### What the task requires
The answer should reproduce every entry exactly and contain no images.

___ Listed entries ___

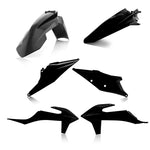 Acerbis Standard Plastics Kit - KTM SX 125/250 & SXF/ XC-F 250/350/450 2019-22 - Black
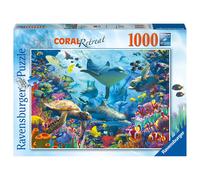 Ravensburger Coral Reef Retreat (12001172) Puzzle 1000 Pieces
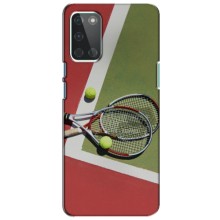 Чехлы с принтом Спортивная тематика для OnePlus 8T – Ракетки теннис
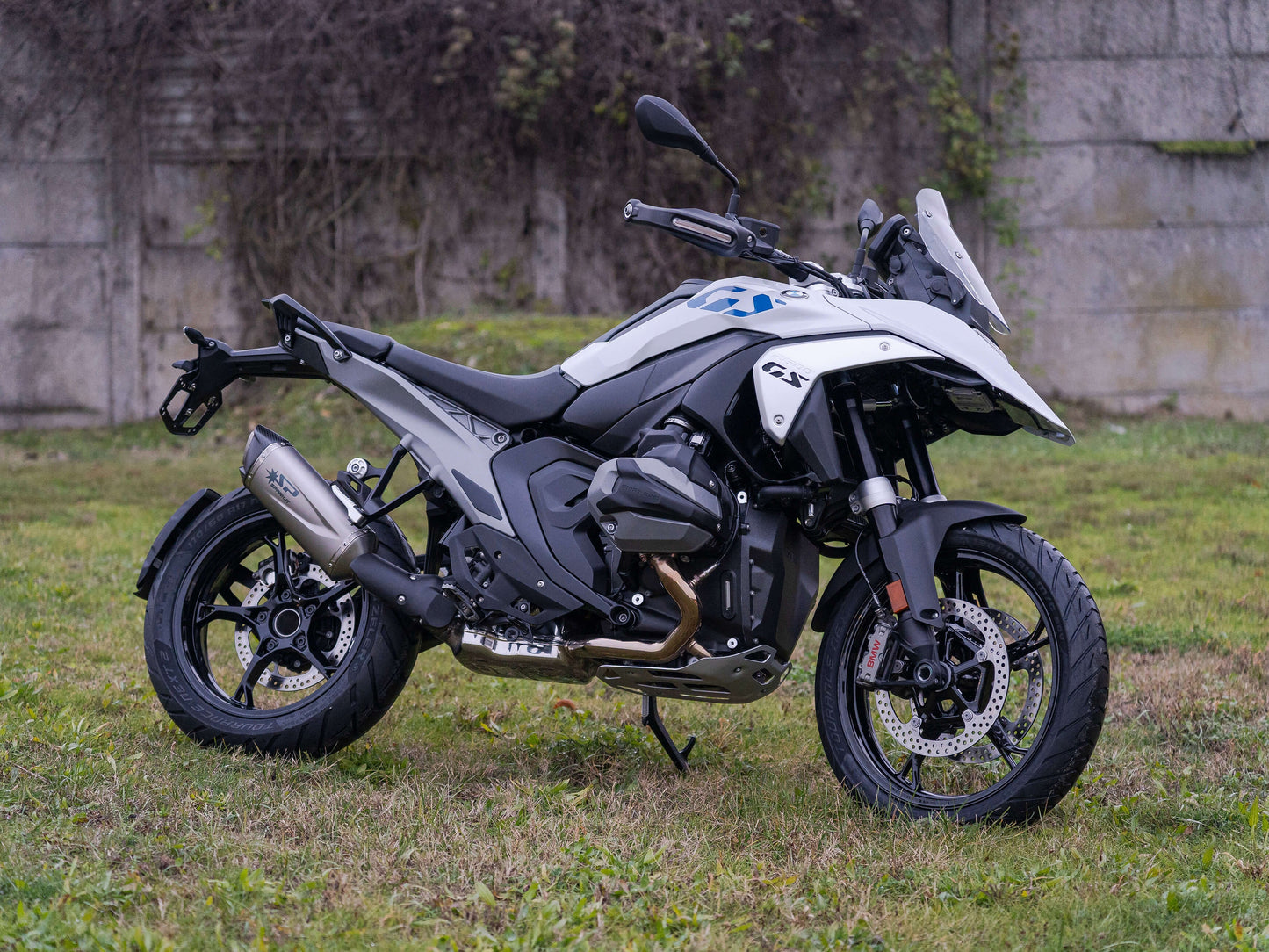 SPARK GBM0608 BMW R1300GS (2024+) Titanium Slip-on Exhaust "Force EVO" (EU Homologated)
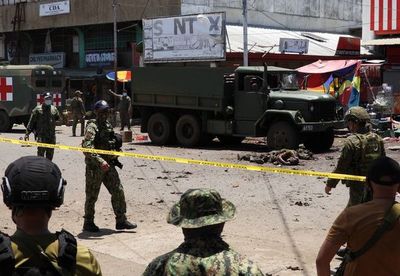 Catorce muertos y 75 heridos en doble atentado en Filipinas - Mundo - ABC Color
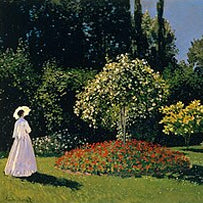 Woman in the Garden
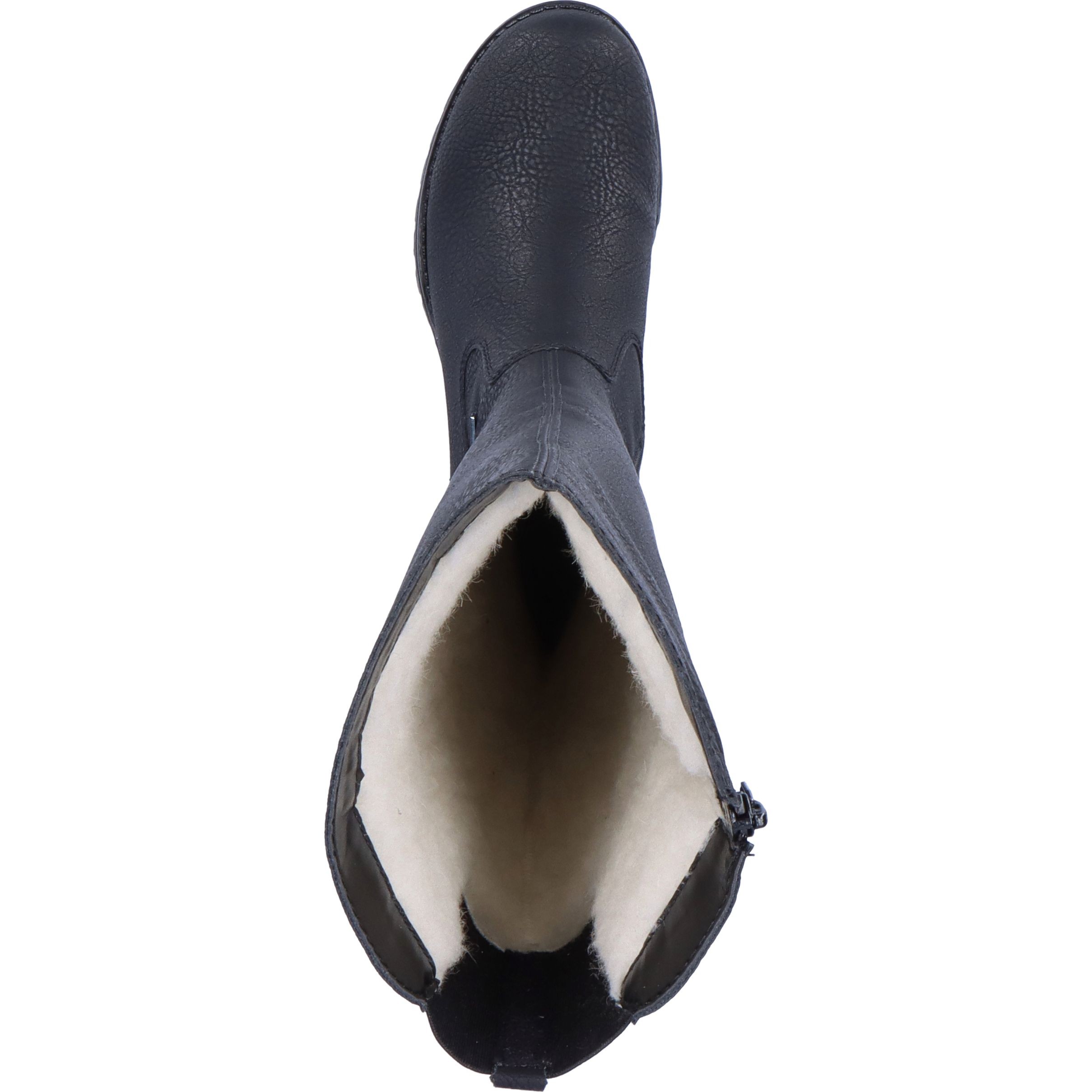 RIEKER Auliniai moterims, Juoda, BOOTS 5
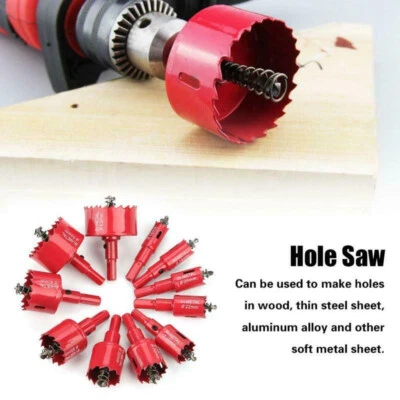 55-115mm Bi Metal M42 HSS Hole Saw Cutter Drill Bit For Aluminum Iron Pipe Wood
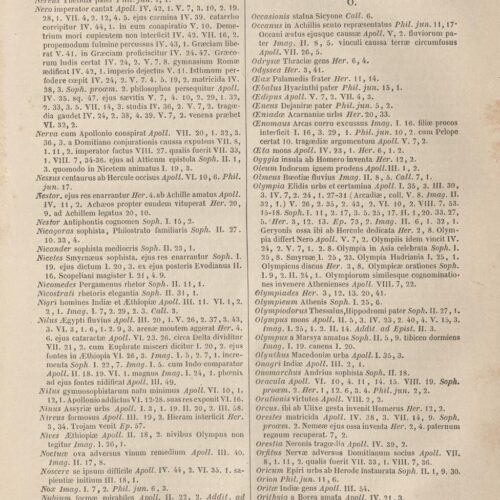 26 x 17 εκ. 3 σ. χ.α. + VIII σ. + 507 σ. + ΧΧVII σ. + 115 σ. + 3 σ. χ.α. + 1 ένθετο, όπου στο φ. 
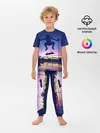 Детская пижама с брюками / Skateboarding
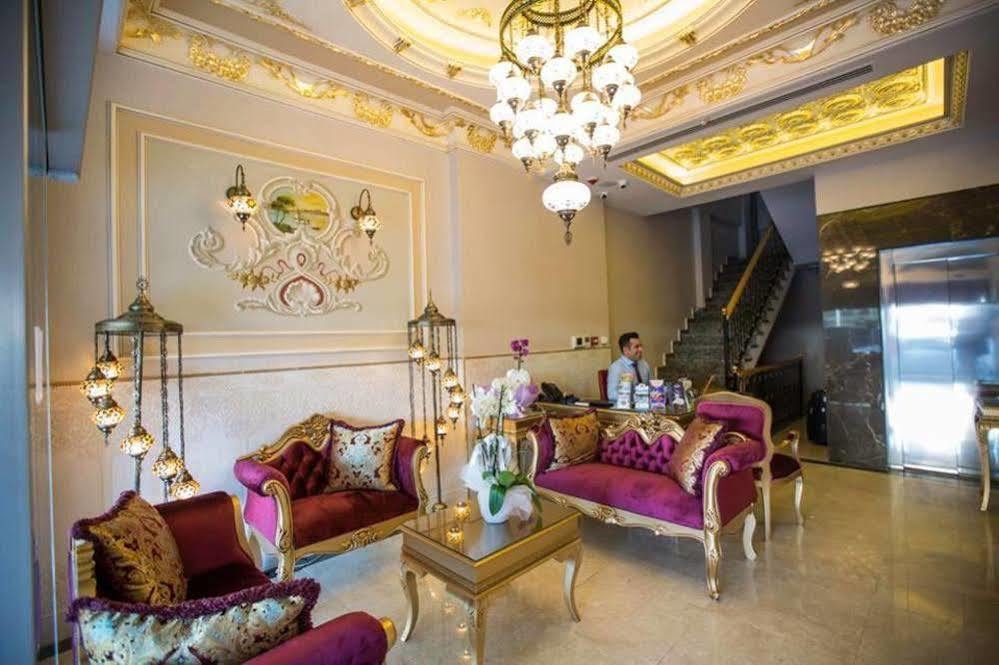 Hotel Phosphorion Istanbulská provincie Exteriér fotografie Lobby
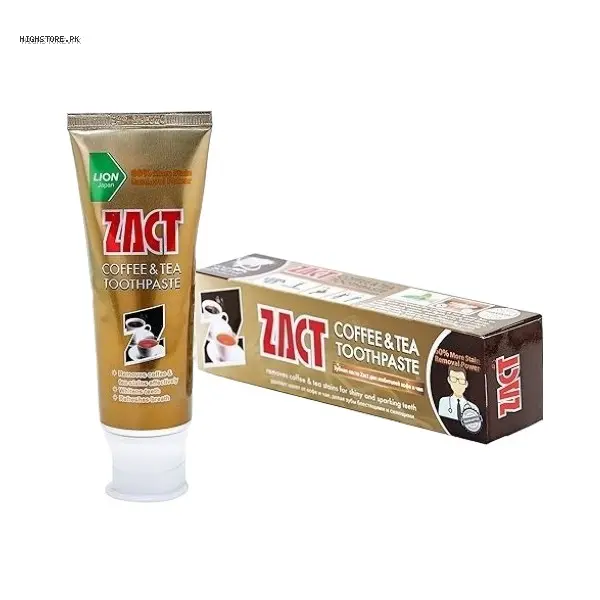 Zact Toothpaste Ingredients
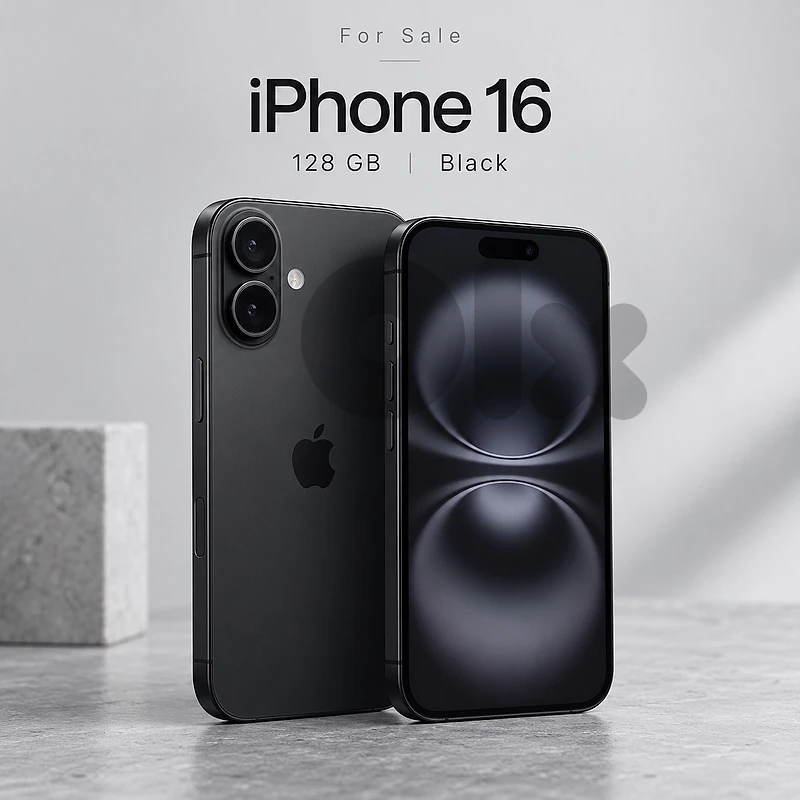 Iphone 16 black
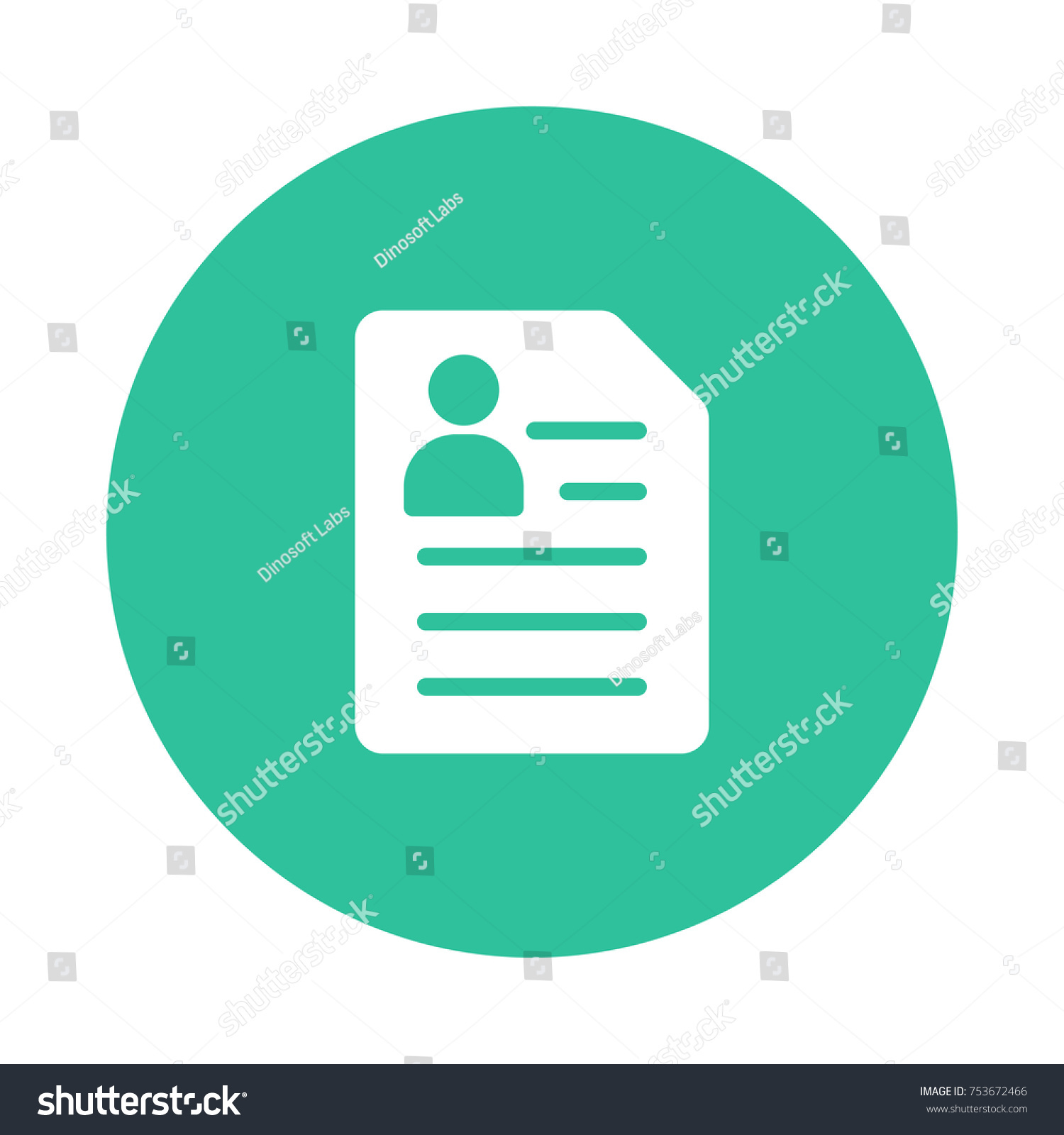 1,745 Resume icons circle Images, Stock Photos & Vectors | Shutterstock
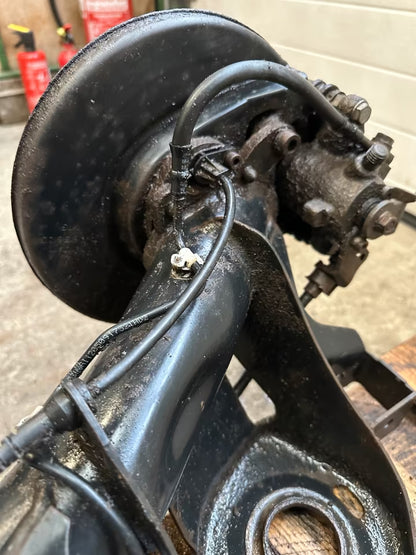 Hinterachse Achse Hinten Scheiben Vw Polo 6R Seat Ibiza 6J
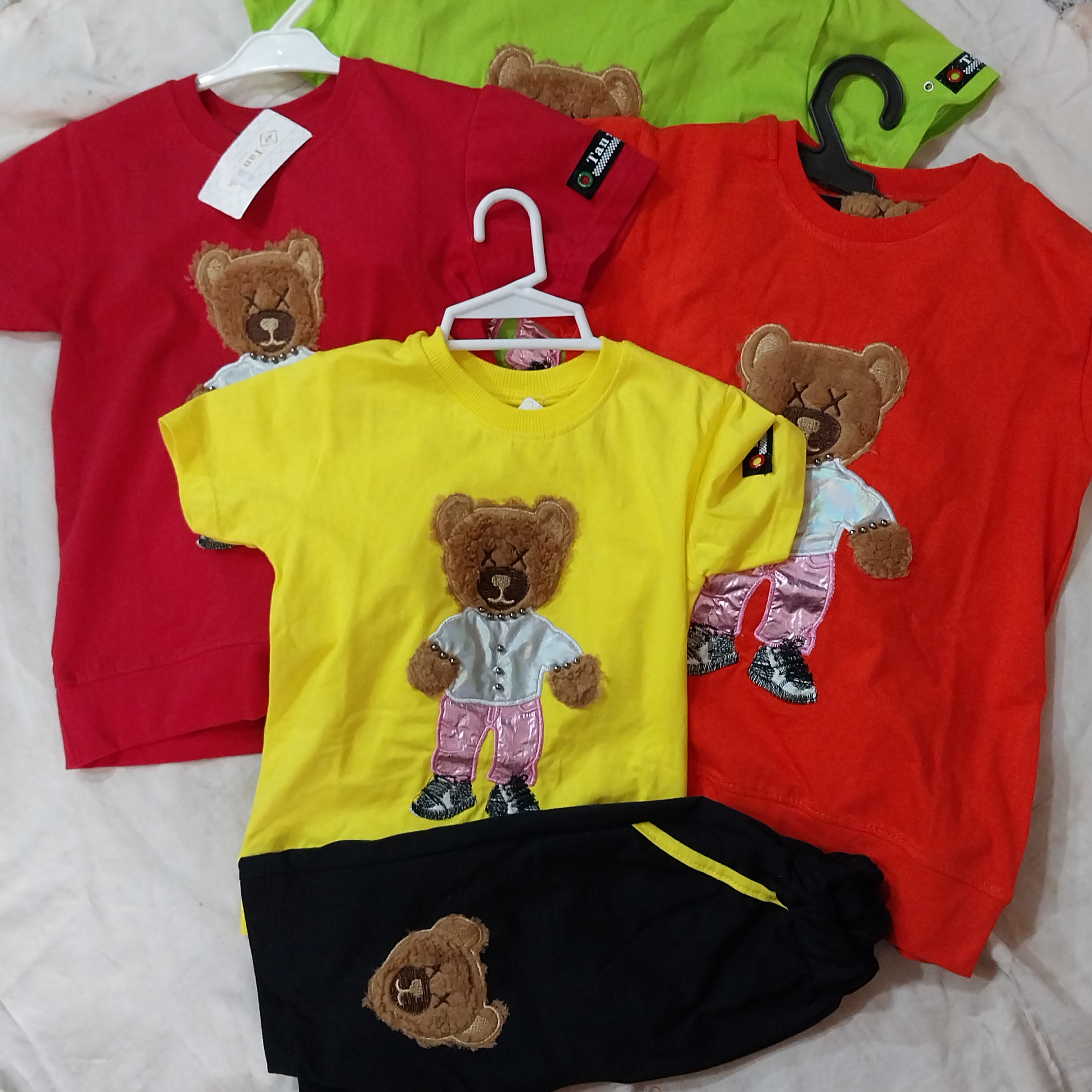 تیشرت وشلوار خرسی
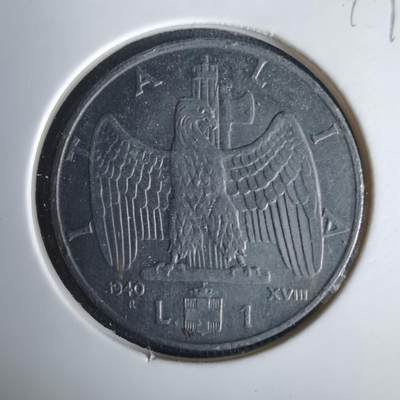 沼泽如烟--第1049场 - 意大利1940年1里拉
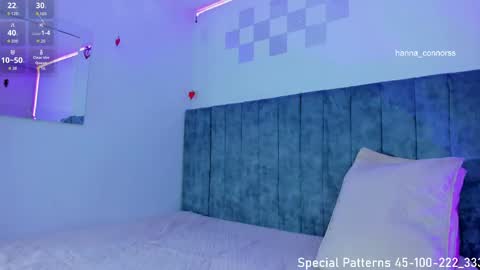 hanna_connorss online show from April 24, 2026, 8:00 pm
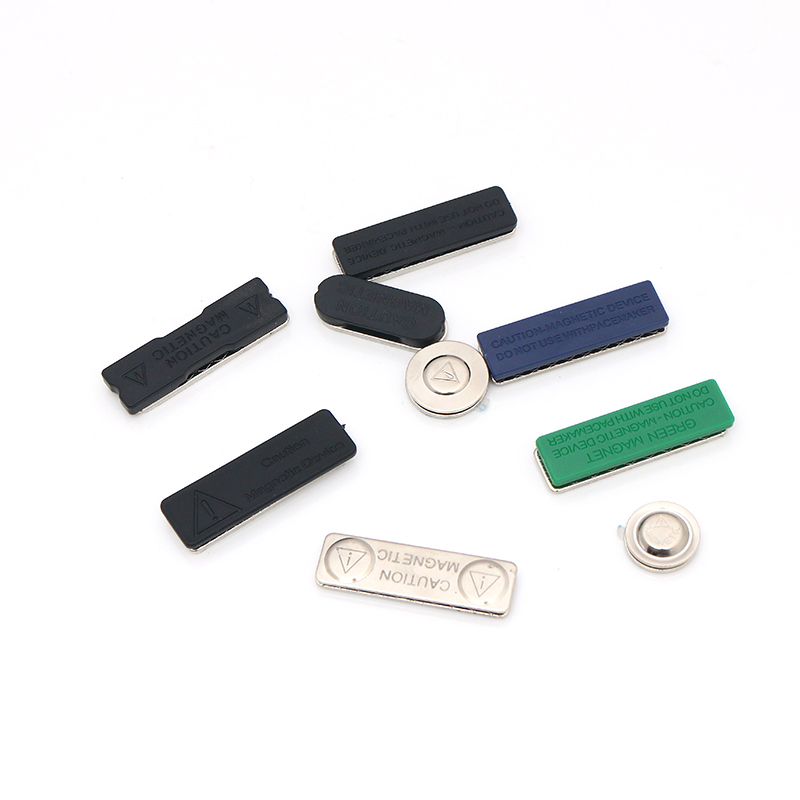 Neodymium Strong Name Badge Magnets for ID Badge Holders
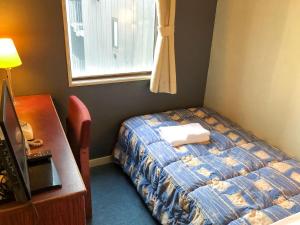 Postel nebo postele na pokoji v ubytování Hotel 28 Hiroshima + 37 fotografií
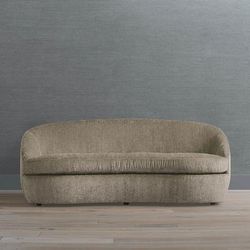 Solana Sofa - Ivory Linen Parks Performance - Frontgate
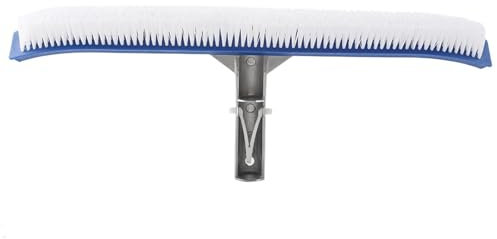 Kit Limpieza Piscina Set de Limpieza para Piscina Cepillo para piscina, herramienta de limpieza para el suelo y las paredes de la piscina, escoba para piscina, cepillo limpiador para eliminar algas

___

### Result below
 Acerbis Standard Plastics Kit - KTM SX 125/250 & SXF/ XC-F 250/350/450 2019-22 - Black
 Ravensburger Coral Reef Retreat (12001172) Puzzle 1000 Pieces
 Чехлы с принтом Спортивная тематика для OnePlus 8T – Ракетки теннис
 SPARK GBM0608 BMW R1300GS (2024+) Titanium Slip-on Exhaust "Force EVO" (EU Homologated)
 Catorce muertos y 75 heridos en doble atentado en Filipinas - Mundo - ABC Color
 Woman in the Garden
 RIEKER Auliniai moterims, Juoda, BOOTS 5
 55-115mm Bi Metal M42 HSS Hole Saw Cutter Drill Bit For Aluminum Iron Pipe Wood
 26 x 17 εκ. 3 σ. χ.α. + VIII σ. + 507 σ. + ΧΧVII σ. + 115 σ. + 3 σ. χ.α. + 1 ένθετο, όπου στο φ. 
 Детская пижама с брюками / Skateboarding
 Hotel Phosphorion Istanbulská provincie Exteriér fotografie Lobby
 Zact Toothpaste Ingredients
 Iphone 16 black
 1,745 Resume icons circle Images, Stock Photos & Vectors | Shutterstock
 Hinterachse Achse Hinten Scheiben Vw Polo 6R Seat Ibiza 6J
 تیشرت وشلوار خرسی
 沼泽如烟--第1049场 - 意大利1940年1里拉
 hanna_connorss online show from April 24, 2026, 8:00 pm
 Neodymium Strong Name Badge Magnets for ID Badge Holders
 Postel nebo postele na pokoji v ubytování Hotel 28 Hiroshima + 37 fotografií
 Solana Sofa - Ivory Linen Parks Performance - Frontgate
 Kit Limpieza Piscina Set de Limpieza para Piscina Cepillo para piscina, herramienta de limpieza para el suelo y las paredes de la piscina, escoba para piscina, cepillo limpiador para eliminar algas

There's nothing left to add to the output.